Aber eigentlich, das zeigt auch diese Ausstellung, gibt es im klassischen Katastrophengenre kein wirkliches Ende, sondern eher die Rettung oder Erlösung. In ihren Stationen versucht die Ausstellung, die Dramaturgie des Katastrophenkinos, zumindest des konventionellen, nachzuzeichnen, fast wie im Aktschema einer Tragödie, mit der Zeichnung einer Idylle (damit die Fallhöhe umso größer ist), den Warnsignalen, der Katastrophe, den Rettungsbemühungen und dem Neuanfang, ganz signifikant zu sehen etwa in W. S. Van Dykes »San Francisco« (1936), in dem die Überlebenden des Erdbebens von 1906 singend auf die rauchende und zerstörte Stadt zugehen.
Das Team um die Ausstellungsmacherin Stefanie Plappert hat beim Design viel Holz verwendet, vielleicht auch, um Vorstellungen vom Leben danach zu beflügeln. Auf einer Großbildleinwand laufen Ausschnitte, das von Frost überzogene New York in »The Day After,« die Fluten aus »2012«, »Noah« und »Deep Impact«, der Hochhausbrand in Flammendes Inferno, der heranwabernde Meteorit in »Melancholia«, aber auch Exzerpte aus unbekannteren Werken wie »The Day the Earth Caught Fire« oder »Take Shelter«.
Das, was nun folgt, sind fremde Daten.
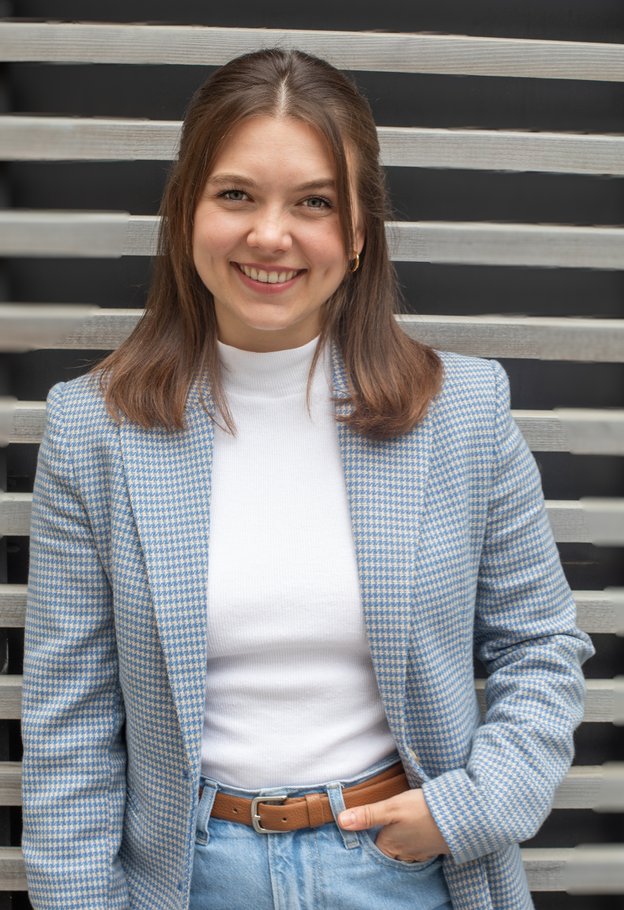 Portrait of Anna Krispin smiling, wearing a light checked blazer
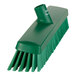 A green Vikan heavy-duty push broom head with soft/stiff bristles.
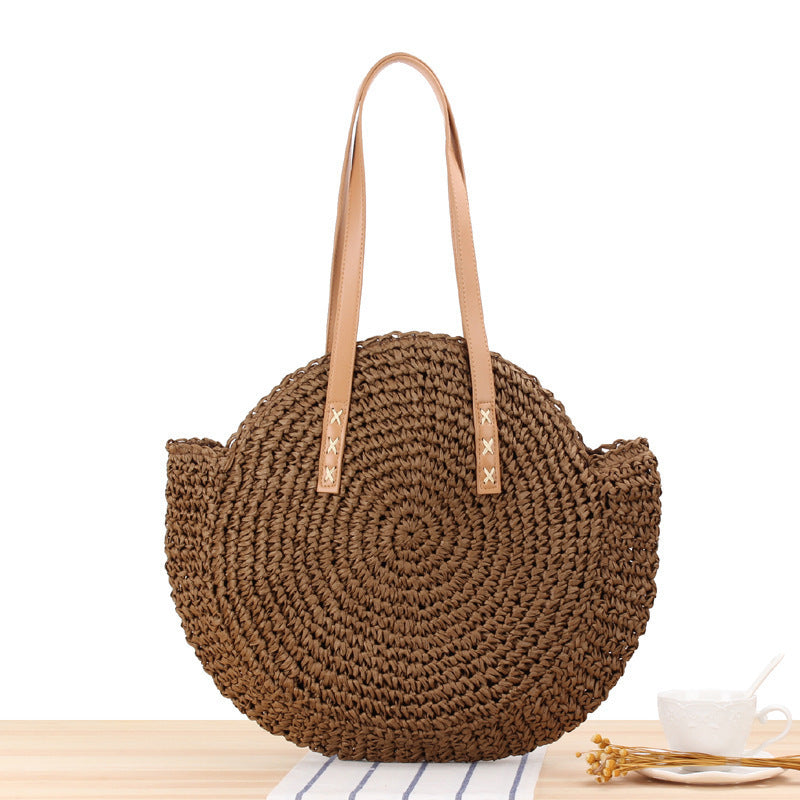Runde Strohtasche mit Ledergriffen Brehn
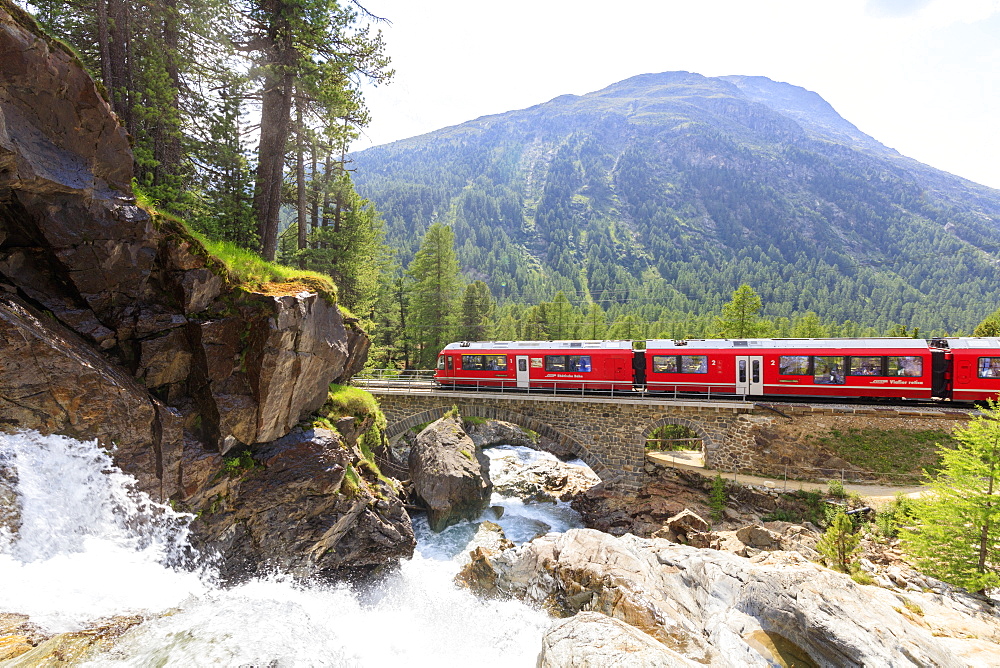 Bernina Express train beside alpine creek, Morteratsch, Engadine, Canton of Graubunden, Switzerland, Europe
Eine konventionelle Filmausstellung, die etwa Exponate zur Produktionsgeschichte präsentiert, darf man nicht erwarten – auch wenn »Katastrophe« solche Materialien durchaus zeigt. Aber diese Art Ausstellung hat man in den Filmmuseen auch schon oft gesehen. »Katastrophe« nähert sich dem Gegenstand gewissermaßen interdisziplinär: Wissenschaftlerinnen und Wissenschaftler des Frankfurter Naturmuseums Senckenberg geben Auskunft etwa über die ganz reale Bedrohung des Klimawandels (der ja in vielen historischen Filmen vorkommt). Und Irina Ruf analysiert den Film »Jurassic Park«, dessen Saurier durchaus realistisch gezeichnet seien, ihre Erzeugung allerdings nicht.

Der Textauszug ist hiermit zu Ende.